Die Kritiker redeten den Film schlecht, sahen statt des Künstlerischen nur das Künstliche. Ein Stück synthetisches Kino wäre das, gemacht wie fürs Museum oder für Filmstudenten, nicht für ›die Menschen da draußen‹. Die Zuschauer blieben weg, der Film machte kaum drei Millionen. Joel Silver war bestimmt kurz davor, den Waring Hudsucker zu geben und sein Büro durch das geschlossene Fenster zu verlassen.
Dabei ist diese Szene allein das Eintrittsgeld wert. Ein cineastisches Kleinod, wie im Blick des Mannes seine letzte Entscheidung heranreift, wie er langsam die Taschenuhr ablegt und die Zigarre, wie seine Fullbrogue-Schuhe das Polster seines Chefsessels eindrücken, als er den auf Hochglanz polierten Tisch erklimmt. Und wenn der Mann dann aus dem 44. Stock fliegt (das Zwischengeschoß nicht mitgezählt), mit einem trockenen »Splat!« auf dem Bürgersteig landet und die übergewichtige Passantin schrill zu schreien beginnt, dann ist er doch da: der Coen-Touch.
Ja, er zeigt sich hier und da. Zum Beispiel in der merkwürdigen Ausdruckstanz-Traumszene. Oder in dem Heiligenschein des Hudsucker-Engels, der schlingert wie ein Hula-Hoop-Reifen (»We’re all wearing them upstairs. It’s a fad.«). Oder in den durchweg köstlichen Montagesequenzen. Eine davon rafft die Produktion, die Vermarktung und den Erfolg des Hula Hoops in schier unerschöpflichem Ideenreichtum. Die Langwierigkeit der Namensfindung zu visualisieren, indem im Vordergrund des Brainstorming-Büros eine Sekretärin »Krieg und Frieden« liest, und ein paar Einstellungen später »Anna Karenina«, ist schlicht genial.

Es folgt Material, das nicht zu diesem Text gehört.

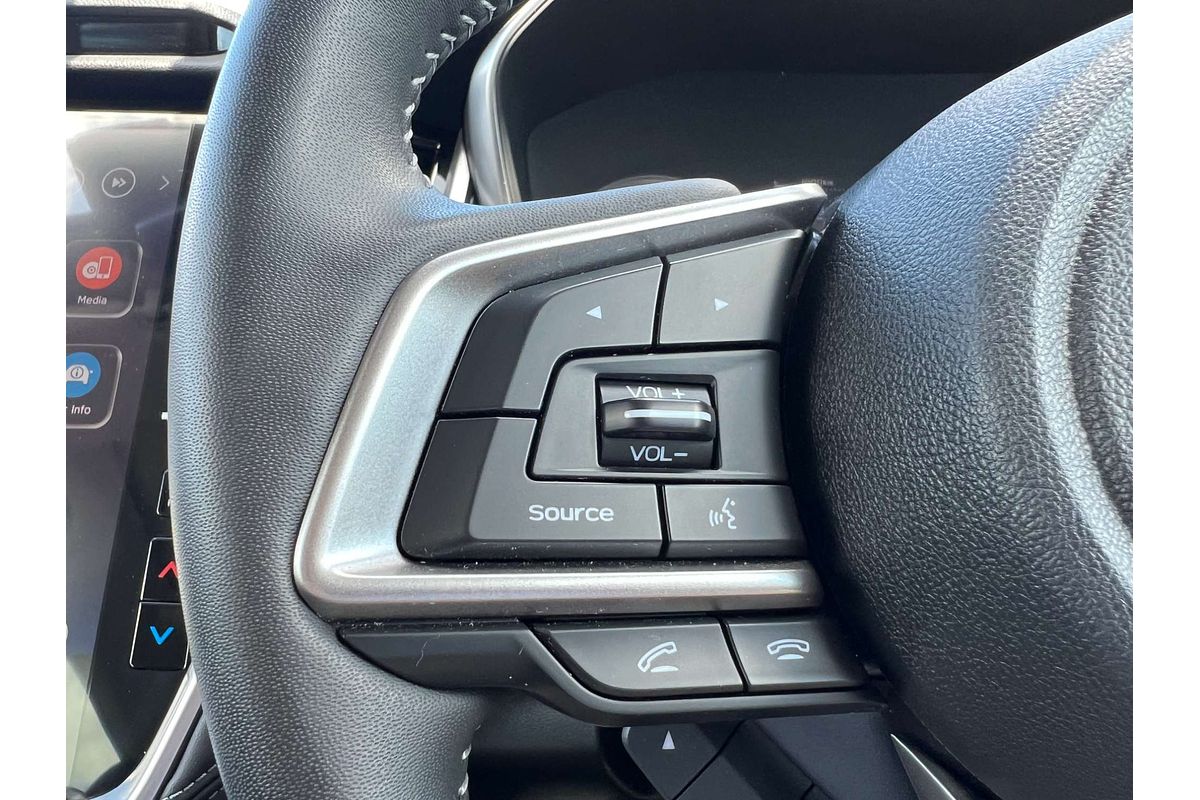2021 Subaru Outback AWD 6GEN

Mit dem finster dreinblickenden Hausmeister haben wir auch die Stelle des dämonischen Fieslings besetzt, der zum Personal vieler Coen-Filme gehört. Ihm entgegengesetzt ist diesmal eine das Gute symbolisierende Person, nämlich in Gestalt des Technikers, der die riesige Uhr des Gebäudes wartet. Ihm wird am Ende eine alles entscheidende Rolle zukommen, ebenso dem Gebiss des Hausmeisters.
Die Szene, in der der wunderbar benamste Dr. Hugo Bronfenbrenner, ein akzentsprechender Freud-Verschnitt, Norville Barnes vor dem versammelten Vorstand vermittels eines eigens angefertigten Films für verrückt erklärt, ist typisch für die cartoonmäßige Überzeichnung des Films. Doch beschränkt sich die Geschichte eben nicht auf derlei originelle Elemente, sondern erzählt auch von einer Beziehung zwischen zwei Menschen – aber die bleibt eine bloße Behauptung.
Jennifer Jason Leighs Figur ist nicht schwer als »His Girl Friday«-Hommage zu identifizieren, aber ihrer rasenden Reporterin fehlt es leider an Liebreiz und Ausstrahlung, so dass die Chemie mit Tim Robbins‘ Charakter auch nie so richtig zustande kommt. Vielleicht hätte das den Film für mehr Leute befriedigender gemacht und die Coens davor bewahrt, ein Opfer ihrer ironischen Grundhaltung zu werden. »The Hudsucker Proxy« mag ein Film fürs Museum sein, aber in seiner Vitrine ist er ein echtes Juwel; es lohnt sich, genau hinzuschauen.
Coen Culture. Die Coens hatten beim Verfassen des Drehbuchs (es entstand bereits 1985) die Unterstützung eines gewissen Sam Raimi. Jener entpuppt sich als langjähriger Weggefährte der Coens: Joel war Schnittassistent bei »The Evil Dead«, mit Ethan zusammen half er Raimi beim Drehbuch zu dessen zweiten Film. Raimi wiederum ist in winzigen Rollen bei den Coens zu sehen: in »Miller’s Crossing« (der kichernde Scharfschütze) und in »The Hudsucker Proxy« (einer der Hula-Hoop-Brainstormer).